Spark Web UI及任务优化实战-数据倾斜的定位与处理
什么是数据倾斜?
- 并行处理的数据集中,某一部分(如Spark的一个Partition)的数据显著多于其它部分,从而使得该部分的处理速度成为整个数据集处理的瓶颈。
- 造成数据倾斜的原因有很多,其中一个常见场景是一张表中少量key的记录条数特别多,导致在做Join的时候,同一key的大量数据被一个task执行,导致这个task执行耗时过长。

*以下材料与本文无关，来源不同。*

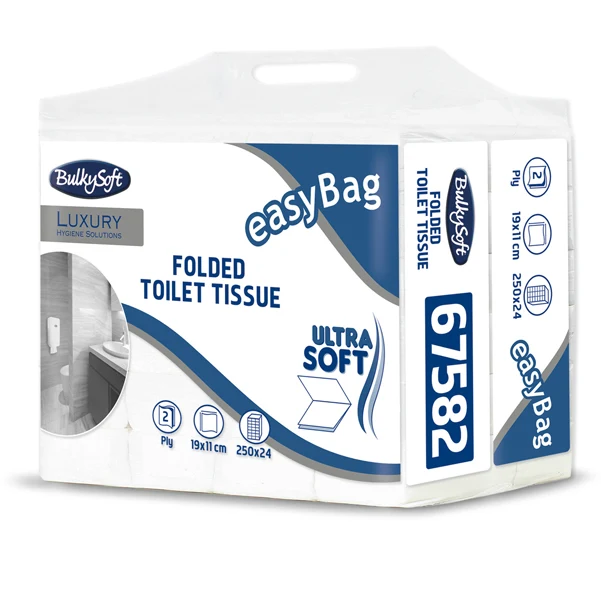 BulkySoft - 67582 - Carta igienica interfogliata EasyBag - 15,5 gr - strappo 11x19 cm - Bulkysoft - pacco da 250 strappi - 82497 - Conf. da 24 Pz.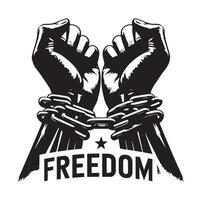 A pair of hands chained to a chain with the text words freedom illustration vector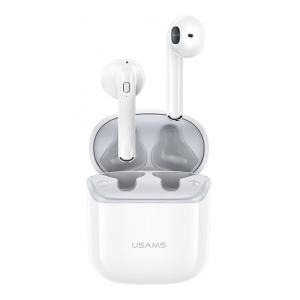 USAMS earphones US-SY02 με θήκη φόρτισης, True Wireless, λευκά | Αξεσουάρ κινητών | elabstore.gr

- 数据倾斜不仅可以由join导致,也会有group by,partition by,count(distinct)等需要对数据进行重分区的场景导致。
数据倾斜的表现
- 任务运行几个小时甚至数十个小时
- 任务OOM
需要进一步定位
数据倾斜排查思路
Join数据倾斜解决思路
无效Key Join
- 无需保留时:null值、0,-1,-9999等无业务含义的值,如果不需要保留或者是inner join 可以直接过滤
原始伪代码:
select order_id,
order_number,
a.sku_id,
user_id,
sku_name,
use_date,
sku_price
from (
select order_id,
order_number,
sku_id,
user_id
from y_life.dws_order_sku_df
where date='${date}'
) t1
left join
(
select sku_id,
sku_name,
use_date,
sku_price
from y_life.dim_product_sku_info
where date='${date}'
) t2
on t1.sku_id=t2.sku_id
y_life.dws_order_sku_df的sku_id有大量为-1,null的数据,业务不需要,可以直接过滤
优化后:
select order_id,
order_number,
a.sku_id,
user_id,
sku_name,
use_date,
sku_price
from (
select order_id,
order_number,
sku_id,
user_id
from y_life.dws_order_sku_df
where date='${date}'
and nvl(sku_id,-1) > 0
) t1
left join
(
select sku_id,
sku_name,
use_date,
sku_price
from y_life.dim_product_sku_info
where date='${date}'
) t2
on t1.sku_id=t2.sku_id
select order_id,
order_number,
a.sku_id,
user_id,
sku_name,
use_date,
sku_price
from (
select order_id,
order_number,
sku_id,
user_id
from y_life.dws_order_sku_df
where date='${date}'
) t1
inner join
(
select sku_id,
sku_name,
use_date,
sku_price
from y_life.dim_product_sku_info
where date='${date}'
) t2
on t1.sku_id=t2.sku_id
- 需要保留时:需要左表所有数据,根据关联key获取属性值,此时可以将无效值进行随机打散
select order_id,
order_number,
a.sku_id,
user_id,
sku_name,
use_date,
sku_price
from (
select order_id,
order_number,
sku_id,
user_id
from y_life.dws_order_sku_df
where date='${date}'
) t1
left join
(
select sku_id,
sku_name,
use_date,
sku_price
from y_life.dim_product_sku_info
where date='${date}'
) t2
on if(t1.sku_id is null,order_id*-1,t1.sku_id) = t2.sku_id
注意事项:
1.避免随机打散的值跟右表关联的上,比如右表也是正整数,那么左表随机打散不能使用正整数,避免碰撞上
2.如果表中没有分布较为均匀的key, 避免直接使用rand(),因为 spark task 失败后重试会导致rand()生成跟之前不一样的数据
有效Key Join
- 大表 join 小表
采用Map join 绕过shuffle, 即原本需要走 shuffle join(SortMergeJoin、ShuffledHashJoin) 的数据 让它走 map join(BroadcastHashJoin)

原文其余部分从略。